In manipulating ISDAfix, ICAP brokers profited from the commissions they received from the interest-rate swap trades banks ordered to influence the benchmark, the person said.
Banks were willing to endure trading costs with the brokers that may have reached hundreds of thousands of dollars because they stood to earn millions on swaptions by manipulating ISDAfix by as little as a quarter of a basis point, or 0.0025 percentage point, the person said.
The CFTC investigation is centered on ICAP’s (IAP) U.S. interest-rate swap desk, nicknamed Treasure Island because brokers there were paid as much as $7 million a year at the market’s peak, two people with knowledge of the matter said in April.
ICAP manages an electronic screen known as 19901 on which rate-swap prices are displayed throughout the day to about 6,000 corporate treasurers and money managers so they can value positions. The trades displayed on the screen are used to create the reference points for ISDAfix rates, according to ISDA’s website. ICAP then sends the reference point to banks, which either accept it as their contribution to the benchmark or submit a different value.
The team of about 20 Treasure Island brokers made $100 million to $120 million annually for ICAP around 2008 and 2009, the people said in April. Rates swaps with a notional value of $370 trillion were outstanding at the end of 2012, according to the Bank for International Settlements.
“We have very strict rules for our staff who work on the dollar-swap desk,” ICAP Chief Executive Officer Michael Spencer said on a May 14 conference call with reporters. “So far, nothing that we have discovered in our internal investigations gives me sleepless nights, and nothing that I’ve heard externally suggests ISDAfix has been tampered with.”
Investigators will need to produce e-mails that clearly show manipulative intent by traders, as they did in the Libor probe, Chen said. Otherwise, the banks may be able to defend the actions as typical trading activities, he said.
Regulators from New York to Singapore have begun looking into the possible rigging of other market benchmarks.
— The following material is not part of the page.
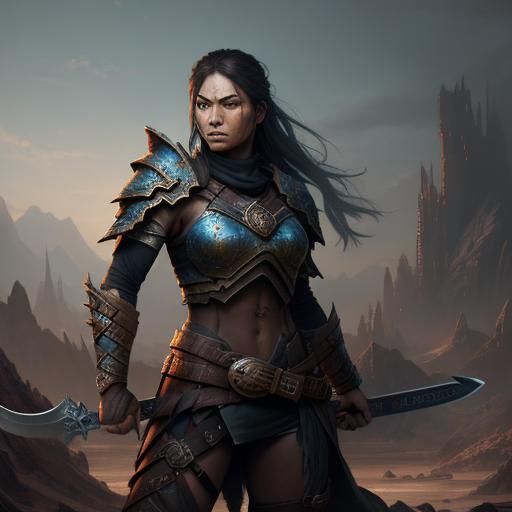 Fantasy Battle-Scarred Warrior with Axe, Detailed Digital Pa...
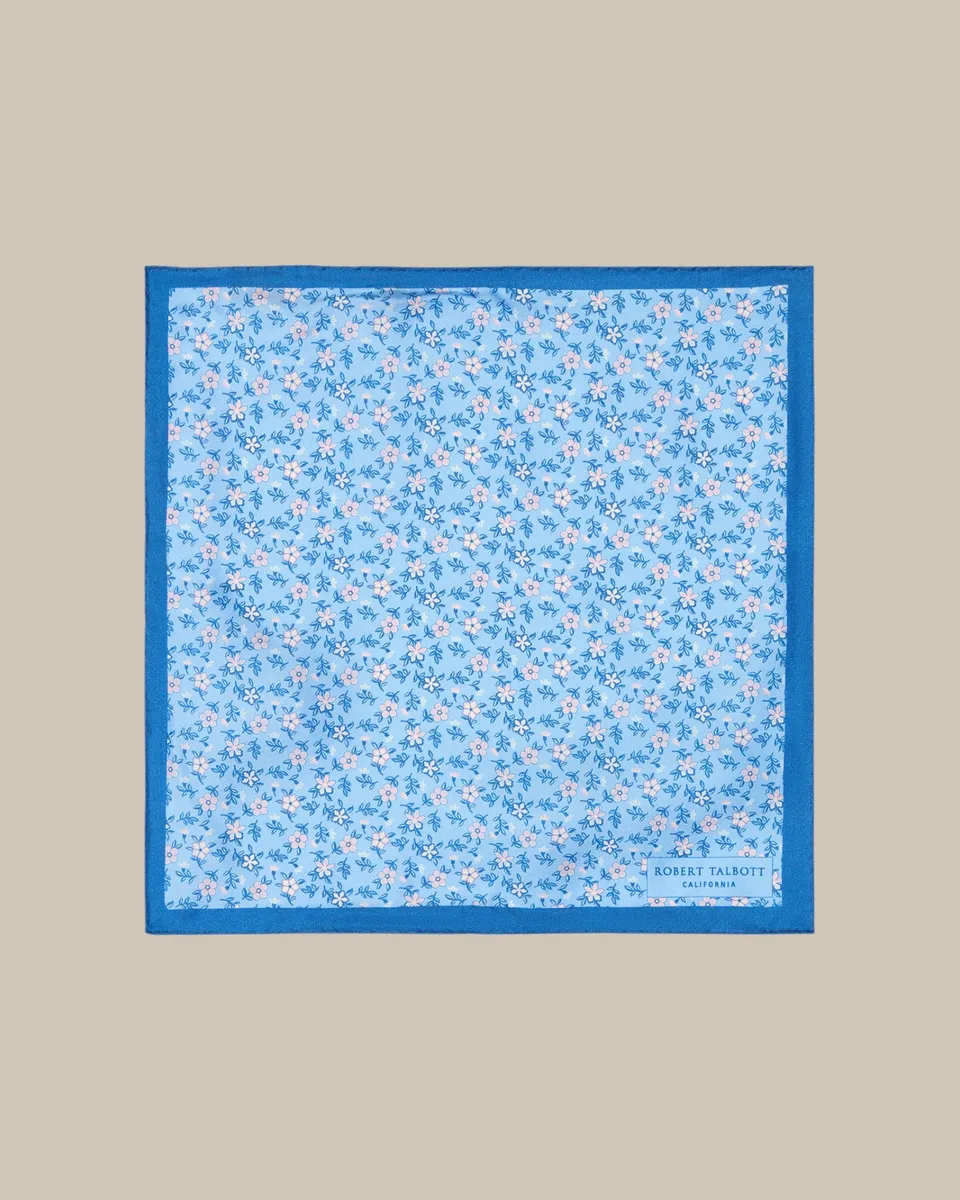 Robert Talbott York Pochette Seta Fiori Azzurro OS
NYSE Euronext, owner of the New York Stock Exchange, said last month it will replace the British Bankers’ Association in administering Libor rates and vowed to restore confidence to the measure amid the rigging scandal. Libor has been overseen by the U.K. Financial Conduct Authority since April as part of an overhaul.
The European Commission said in May it was investigating Royal Dutch Shell Plc, BP Plc and Statoil ASA, three of Europe’s biggest oil explorers, over potential manipulation of Brent Crude, which helps set prices in the $3.4 trillion-a-year global oil market. Neste Oil Oyj, Finland’s only refiner, was asked to provide information regarding the probe.
The International Swaps and Derivatives Association created ISDAfix in 1998 along with the predecessors of Thomson Reuters Corp. and ICAP.
“ISDA developed ISDAfix to facilitate the determination of exercise values for cash-settled swap options,” the New York-based lobbying and trade group says on its website.
The rates are distributed by Thomson Reuters, Telekurs and Bloomberg LP, the parent of Bloomberg News, according to ISDA’s website. Bloomberg competes with ICAP in some businesses, including foreign-exchange and swaps trading.
The contributors to ISDAfix being investigated by the CFTC are Bank of America Corp. (BAC:US), Barclays, BNP Paribas SA, Citigroup, Credit Suisse Group AG (CSGN), Deutsche Bank AG (DBK), Goldman Sachs Group Inc., HSBC Holdings Plc (HSBA), JPMorgan Chase & Co. (JPM:US), Mizuho Financial Group Inc. (8411), Morgan Stanley (MS:US), Nomura Holdings Inc. (8604), Royal Bank of Scotland, UBS and Wells Fargo & Co. (WFC:US)
Representatives of the banks declined to comment.